NB: There have been a couple proposals regarding the English language in IB that have not been fully integrated and resolved. Since most of the differences have been grammatical in nature and have now been discussed, the present article serves to preserve the QSS nature of the originally discovered texts, combine the proposed elements into a sensible whole, and also explain why it is the English language is the way it is in Ill Bethisad.

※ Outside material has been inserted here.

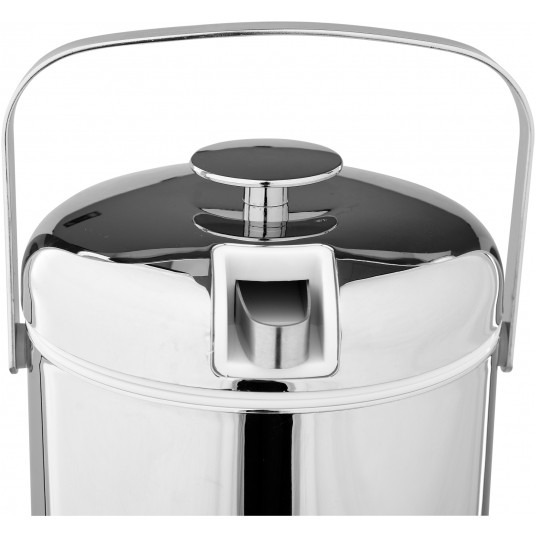 POJEMNIK TERMOIZOLACYJNY DO LODU CHROMOW -zdjęcie numer 2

1a. The basis of *here*'s standard English is the London and East Midlands dialects of Middle English. *There*, there exists a three-point axis: London, Yorich and Edinbro being the centres respectively of English, Northumbrian and Scots. It should be understood that while Scots is not a "dialect of English" (either *here* or *there*), and while Northumbrian is not a dialect of either English or Scots, the three "dialects" are points along a continuum of relatively mutually comprehensible forms of speech. Apart from these three principle dialects, there are many more local dialects, flavours and accents within Britain and overseas as well. Some of these may be more evident *there*, and are not just back-country accents that they are *here*.

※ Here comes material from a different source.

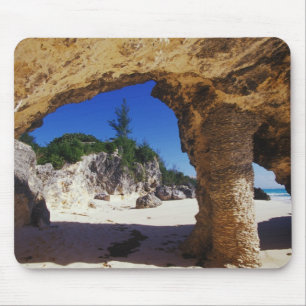 Caribbean, Bermuda, Tucker's Town. Natural Mouse Pad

1b. The idea of registers or stratified levels of language is more prevalent in IB English. To the extent that the grammar of one register, for example the high literature register might be strikingly different from a lower spoken register. Perhaps a little akin to stratification of accents in *here*'s UK, the register used in whatever dialect one is speaking or writing in determines how "posh" or "coarse" one's discourse is taken to be.

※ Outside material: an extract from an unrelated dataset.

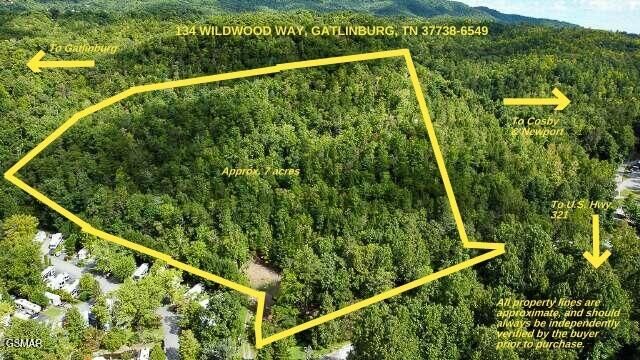 Property Photo: 134 Wildwood Way TN 37738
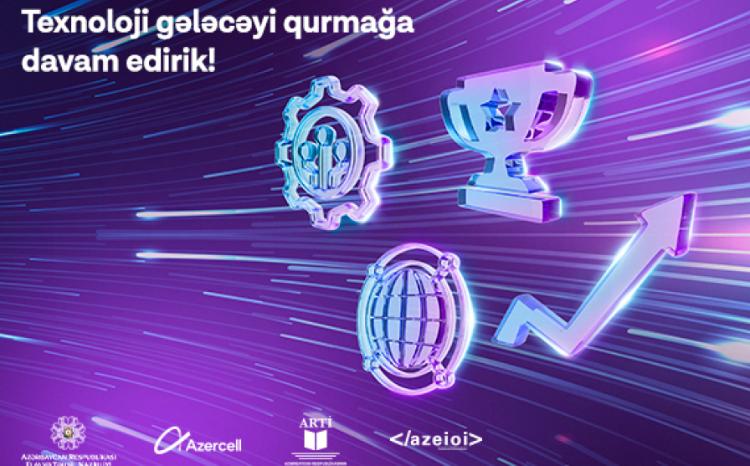 Azərbaycan məktəbliləri beynəlxalq fənn olimpiadasında medal qazandılar!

1c. This article describes the Southron Literary register. "Southron" means that, geographically speaking, southern England is the region where the dialect is spoken (in this case, apart from the Isle of Wight; while "literary" indicates a more rigid and conservative form of language that, while it might be admissive of neologisms, is not so accomodating of grammatical change. Some have noted that this register hasn't changed a lot since Shakespeare's time -- and in that they are probably not far from the truth! And that is, at least in part, the intended result. This register is what "good books and poetry" are written in: serious fiction, historical fiction, official documents, dissertations, the Bible, etc. Other registers will include varying and probably fewer of these elements.
2a. Final [k] is regularly spelled ck, aside from more recent French loans in -ique. E.g. musick, apologetique.
2b. Final [[email protected]] from Latin/Romance tion/cion have merged into cion (the opposite direction to *here*). E.g. emocion, nocion, evolucion, nacion.
Words in xion (flexion or fleccion) have partially merged and may be spelled with either -xion or -cion (though the word “connexion” is always spelled as such) and words in sion (succession) remain unmerged.
2c. Final -ize remains so, not -ise (racionalize).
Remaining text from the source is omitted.